Once a clear topcoat is applied you will not be able to apply a stain at a later date.

Even if try to sand the topcoat off, the clear coat will still be in the pores.

Leaving it raw and your pores will absorb all kinds of unwanted stuff.

If you intend too stain and topcoat you may have to use a grain filler prior to applying the stain which a process done over a few days.

I usually worked with white oak which did not require grain filler as it has a tight grain much like maple.

You may get away without a sealer on ash as I think it is somewhat porous.

A conditioner prevents the stain from absorbing into the wood and should be used prior to a Minwax stain.

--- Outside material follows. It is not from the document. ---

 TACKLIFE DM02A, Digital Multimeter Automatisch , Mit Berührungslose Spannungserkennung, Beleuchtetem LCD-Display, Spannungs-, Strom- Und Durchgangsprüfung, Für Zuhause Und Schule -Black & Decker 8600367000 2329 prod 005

If I remember correctly, I always used Sherwin - Williams stain with a laquer topcoat.

If I had problems with pores showing up after a couple coats of laquer I would force the lacquer into the pores with a paint brush using a couple coats.

One or two coats per day if your filling the grain, finish sanding with 400 - 600 grit then spray a couple times.

Do not press to hard with the tack cloth, if you use one, as they can leave a sticky film, especially a new ones.

You can lightly mist a regular cloth with lacquer which makes a nice tack cloth as well if your in a bind.

Lacquer allows you much more room for error, a speck of dust can be removed once it flashes off with a piece of 600-1000 grit sandpaper.

Then you can continue, if it happens again, repeat and spray again.

Anything else just ask, I use to refinish furniture and worked in body shop as a painter way back when G.M. cars had lacquer paint.


----------